Exercise goal - Please write out exactly the lines that begin at the line containing "Clarks Aldwin Chukka" and run to the end of the records.

______________________________

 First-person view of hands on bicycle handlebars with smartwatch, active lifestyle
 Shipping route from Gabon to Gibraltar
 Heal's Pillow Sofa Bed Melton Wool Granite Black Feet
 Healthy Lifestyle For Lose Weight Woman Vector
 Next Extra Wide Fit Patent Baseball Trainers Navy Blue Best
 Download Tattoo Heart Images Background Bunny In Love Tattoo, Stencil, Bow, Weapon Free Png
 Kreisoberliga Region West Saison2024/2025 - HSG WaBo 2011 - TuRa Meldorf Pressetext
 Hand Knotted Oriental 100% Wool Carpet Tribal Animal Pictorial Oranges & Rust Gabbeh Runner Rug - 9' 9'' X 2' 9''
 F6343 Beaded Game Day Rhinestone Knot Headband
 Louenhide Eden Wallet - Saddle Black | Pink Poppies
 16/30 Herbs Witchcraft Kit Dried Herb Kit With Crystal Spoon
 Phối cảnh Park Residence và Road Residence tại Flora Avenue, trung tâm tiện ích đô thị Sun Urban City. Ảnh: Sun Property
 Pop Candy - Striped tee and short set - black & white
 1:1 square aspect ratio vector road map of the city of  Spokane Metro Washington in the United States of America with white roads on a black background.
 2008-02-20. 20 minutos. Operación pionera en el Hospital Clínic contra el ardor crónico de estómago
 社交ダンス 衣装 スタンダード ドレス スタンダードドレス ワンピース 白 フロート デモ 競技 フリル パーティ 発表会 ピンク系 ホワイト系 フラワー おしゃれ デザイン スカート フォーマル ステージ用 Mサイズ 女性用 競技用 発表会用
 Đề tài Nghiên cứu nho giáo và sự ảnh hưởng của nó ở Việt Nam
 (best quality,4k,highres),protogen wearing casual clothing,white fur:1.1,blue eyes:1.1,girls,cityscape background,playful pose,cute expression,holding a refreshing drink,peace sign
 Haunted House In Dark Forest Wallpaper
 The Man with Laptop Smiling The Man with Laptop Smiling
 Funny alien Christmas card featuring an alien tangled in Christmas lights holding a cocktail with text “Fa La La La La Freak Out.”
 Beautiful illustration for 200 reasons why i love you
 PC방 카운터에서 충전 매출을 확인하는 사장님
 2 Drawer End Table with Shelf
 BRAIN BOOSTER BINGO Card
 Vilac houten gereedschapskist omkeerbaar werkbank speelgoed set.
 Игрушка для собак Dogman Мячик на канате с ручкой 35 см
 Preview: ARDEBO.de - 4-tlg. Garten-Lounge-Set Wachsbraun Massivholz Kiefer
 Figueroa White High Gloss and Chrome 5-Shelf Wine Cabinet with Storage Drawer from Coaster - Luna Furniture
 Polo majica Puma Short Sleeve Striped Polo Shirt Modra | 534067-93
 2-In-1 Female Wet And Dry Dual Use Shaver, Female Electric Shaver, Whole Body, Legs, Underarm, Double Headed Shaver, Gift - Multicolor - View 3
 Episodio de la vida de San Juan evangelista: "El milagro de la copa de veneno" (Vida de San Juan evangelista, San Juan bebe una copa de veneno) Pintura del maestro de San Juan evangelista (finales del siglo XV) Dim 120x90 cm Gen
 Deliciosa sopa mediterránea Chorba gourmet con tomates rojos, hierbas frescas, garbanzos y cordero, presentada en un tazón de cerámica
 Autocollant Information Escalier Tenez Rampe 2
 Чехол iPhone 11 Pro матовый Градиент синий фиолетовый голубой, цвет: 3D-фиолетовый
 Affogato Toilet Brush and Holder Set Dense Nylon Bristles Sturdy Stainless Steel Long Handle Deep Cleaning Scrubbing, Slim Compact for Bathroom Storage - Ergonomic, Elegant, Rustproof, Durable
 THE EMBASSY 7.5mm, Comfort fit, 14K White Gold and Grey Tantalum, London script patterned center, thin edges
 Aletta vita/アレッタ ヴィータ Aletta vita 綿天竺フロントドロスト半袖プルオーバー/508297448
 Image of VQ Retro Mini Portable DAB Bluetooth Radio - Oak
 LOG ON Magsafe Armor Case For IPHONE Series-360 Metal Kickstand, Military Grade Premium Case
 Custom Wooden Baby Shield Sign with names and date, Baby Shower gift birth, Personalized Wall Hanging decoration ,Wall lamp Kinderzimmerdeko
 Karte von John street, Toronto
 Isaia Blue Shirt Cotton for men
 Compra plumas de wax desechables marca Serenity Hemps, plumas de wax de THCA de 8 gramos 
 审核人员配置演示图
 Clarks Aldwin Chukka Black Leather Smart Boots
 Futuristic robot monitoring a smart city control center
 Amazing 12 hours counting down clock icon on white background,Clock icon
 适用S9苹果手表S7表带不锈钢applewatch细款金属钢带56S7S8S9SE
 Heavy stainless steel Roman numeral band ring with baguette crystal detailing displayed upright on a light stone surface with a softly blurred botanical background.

______________________________

Solution below -
 Clarks Aldwin Chukka Black Leather Smart Boots
 Futuristic robot monitoring a smart city control center
 Amazing 12 hours counting down clock icon on white background,Clock icon
 适用S9苹果手表S7表带不锈钢applewatch细款金属钢带56S7S8S9SE
 Heavy stainless steel Roman numeral band ring with baguette crystal detailing displayed upright on a light stone surface with a softly blurred botanical background.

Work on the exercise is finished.